Bubikopf und Charleston im Historischen Museum Saar

Die Zwanziger im Saarland

Blick in die Ausstellung, Inszenierung Café Monopol mit Charleston-Kleid ©Historisches Museum Saar, Foto André Mailänder

Der Fernseh-Mehrteiler „Berlin Babylon“ drängt sich sofort auf, wenn von den „Goldenen Zwanzigern“ des vergangenen Jahrhunderts die Rede ist. Saarbrücken ist natürlich nicht Berlin, aber am Ende durchweht doch mehr als nur ein laues Lüftchen das Historische Museum Saar, als die dramatischen Modernisierungen der Reichshauptstadt auch die Region an der Saar erreichten. Frauen trugen Bubikopf, besser Betuchte amüsierten sich bei Charleston und nicht minder prickelnden Getränken. Straßenbahnen, Omnibusse, Motorräder standen auch hierzulande für die neu zu entdeckende Mobilität, immerhin waren im Saargebiet 11.000 Autos gemeldet. Mode war angesagt, wer es sich in der Saarbevölkerung leisten konnte, investierte 15 Prozent seines Einkommens in textile Roben. Elektrizität hieß das Zauberwort, der Staubsauer „Vampyr“ erleichterte die Hausarbeit ebenso wie angsteinflößende Dauerwellen-Gerätschaften. Da blieb dann auch die nötige Zeit für Kinobesuche: 38 Lichtspielhäuser zählte man 1925 an der Saar. Zur Einweihung des Union-Theaters am 5. Oktober 1922 spielte man „Das Weib des Pharaos“, bei dem die beiden Mitglieder der jüdischen Saar-Gemeinde John (Kinobesitzer) und Paul Davidson als Produzenten eine wichtige Rolle spielten, übrigens unter der Regie von Ernst Lubitsch mit Emil Jannings in der Hauptrolle. Hauptstadt-Flair an der Saar! Die Stadt mauserte sich zur „Metropole des Westens“, Theater, Museum, Tanzveranstaltungen waren angesagt, auf Normalverdiener warteten die Kirmes und der Boxkampf.

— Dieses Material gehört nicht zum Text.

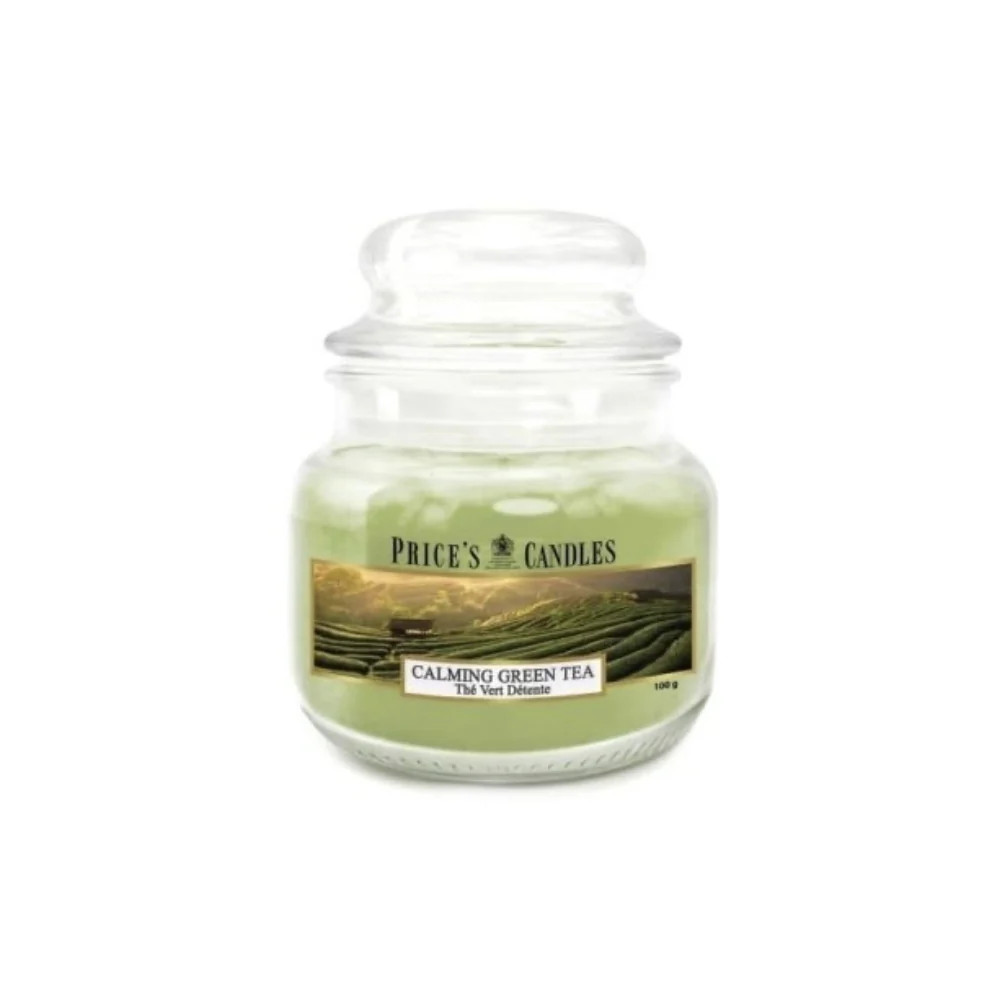 Calming Green Tea Scented Candle 30H - Small Lidded Jar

Mit modernster Technik katapultiert sich das Historische Museum Saar hundert Jahre zurück. Im Museum selbst gibt es Tag-Nacht-Effekte, denn die Nacht war auch in Saarbrücken nicht nur zum Schlafen da. Jakob Hinrichs hat eine coole Animation der Saarbrücker Innenstadt aus jenen Tagen geschaffen, das Institut K8 steuert interaktive Module vom Kinoraum bis hin zur abwechslungsreich multimedial gestalteten Museumsfassade bei. Kurzum: ein großes Vergnügen für Menschen jeden Alters.

Burkhard Jellonnek im OPUS Kulturmagazin Nr. 77 (Januar / Februar 2020) auf S. 154 f.

Ausstellung “Die 20er Jahre. Leben zwischen Tradition und Moderne im internationalen Saargebiet” bis zum 24.5.2020.